Il est proche de ceux qui l’invoquent,
de tous ceux qui l’invoquent en vérité.

2ème lecture : Un seul Seigneur, une seule foi, un seul baptême (Ep 4, 1-6)

Lecture de la lettre de saint Paul Apôtre aux Éphésiens

Frères, moi qui suis en prison à cause du Seigneur, je vous encourage à suivre fidèlement l’appel que vous avez reçu de Dieu : ayez beaucoup d’humilité, de douceur et de patience, supportez-vous les uns les autres avec amour ; ayez à c?ur de garder l’unité dans l’Esprit par le lien de la paix. Comme votre vocation vous a tous appelés à une seule espérance, de même il n’y a qu’un seul Corps et un seul Esprit. Il n’y a qu’un seul Seigneur, une seule foi, un seul baptême, un seul Dieu et Père de tous, qui règne au-dessus de tous, par tous, et en tous.

 


Evangile : La multiplication des pains (Jn 6, 1-15)
Acclamation : Alléluia. Alléluia. Un grand prophète s’est levé parmi nous : Dieu a visité son peuple. Alléluia. (Lc 7, 16)

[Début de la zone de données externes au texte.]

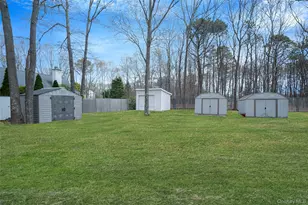 22 Jerusalem Hollow Rd, Manorville, NY 11949 - Photo 11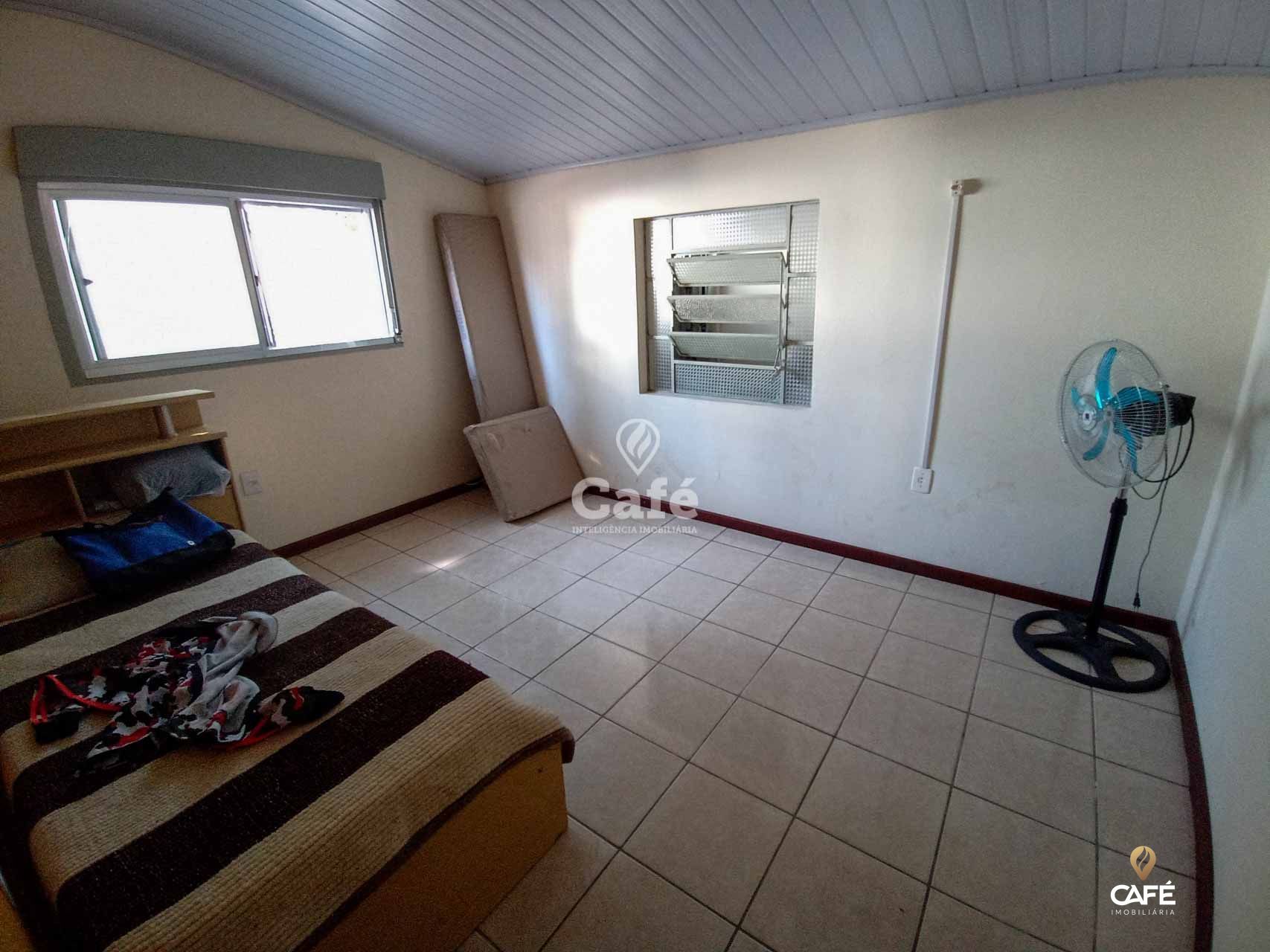 Casa à venda com 3 quartos, 100m² - Foto 5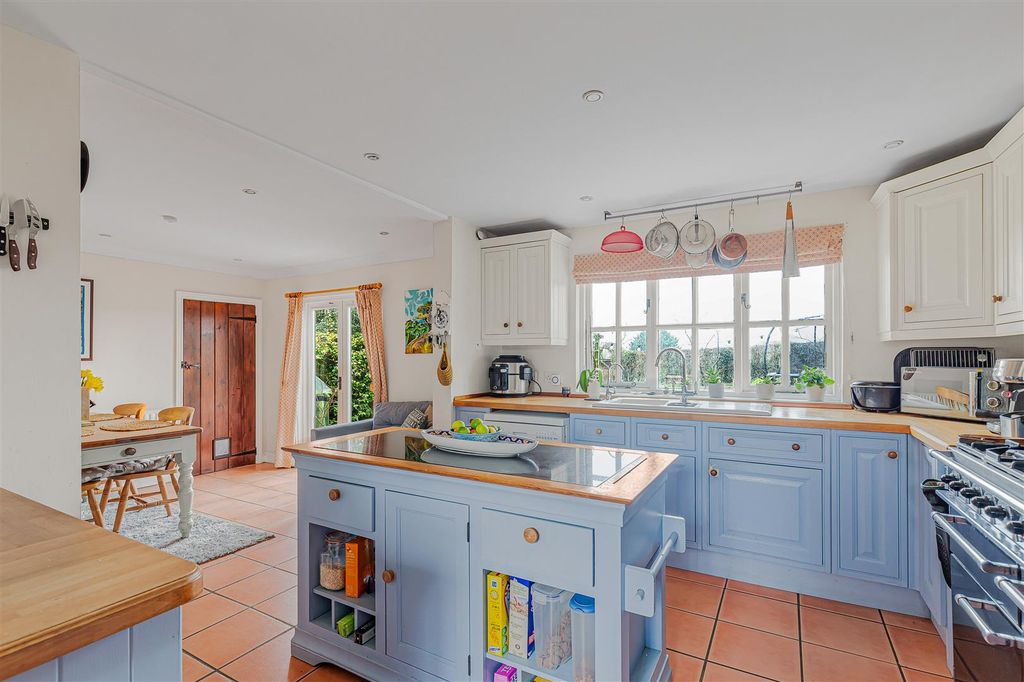 Property photo 3 of 32 33_72099.Jpg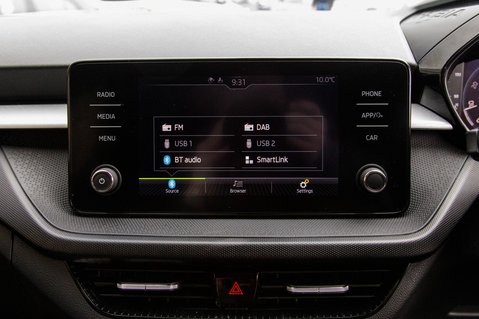 Skoda Fabia COLOUR EDITION MPI 24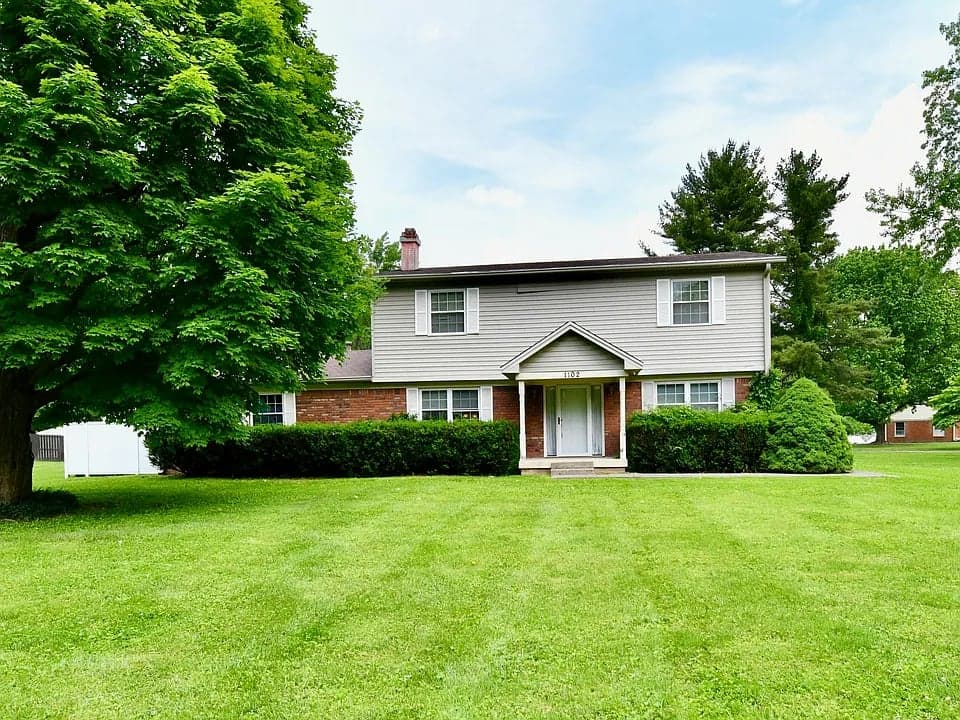 1102 Fox Hill Dr in Indianapolis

Évangile de Jésus Christ selon saint Jean

Jésus été passé de l’autre côté du lac de Tibériade (appelé aussi mer de Galilée).
Une grande foule le suivait, parce qu’elle avait vu les signes qu’il accomplissait en guérissant les malades.
Jésus gagna la montagne, et là, il s’assit avec ses disciples. C’était un peu avant la Pâque, qui est la grande fête des Juifs.
Jésus leva les yeux et vit qu’une foule nombreuse venait à lui. Il dit à Philippe : « Où pourrions-nous acheter du pain pour qu’ils aient à manger ? »
Il disait cela pour le mettre à l’épreuve, car lui-même savait bien ce qu’il allait faire.
Philippe lui répondit : « Le salaire de deux cents journées ne suffirait pas pour que chacun ait un petit morceau de pain. »
Un de ses disciples, André, le frère de Simon-Pierre, lui dit :
« Il y a là un jeune garçon qui a cinq pains d’orge et deux poissons, mais qu’est-ce que cela pour tant de monde ! »
Jésus dit : « Faites-les asseoir. » Il y avait beaucoup d’herbe à cet endroit. Ils s’assirent donc, au nombre d’environ cinq mille hommes.
Alors Jésus prit les pains, et, après avoir rendu grâce, les leur distribua ; il leur donna aussi du poisson, autant qu’ils en voulaient.
Quand ils eurent mangé à leur faim, il dit à ses disciples : « Ramassez les morceaux qui restent, pour que rien ne soit perdu. »
Ils les ramassèrent, et ils remplirent douze paniers avec les morceaux qui restaient des cinq pains d’orge après le repas.

À la vue du signe que Jésus avait accompli, les gens disaient : « C’est vraiment lui le grand Prophète, celui qui vient dans le monde. »
Mais Jésus savait qu’ils étaient sur le point de venir le prendre de force et faire de lui leur roi ; alors de nouveau il se retira, tout seul, dans la montagne.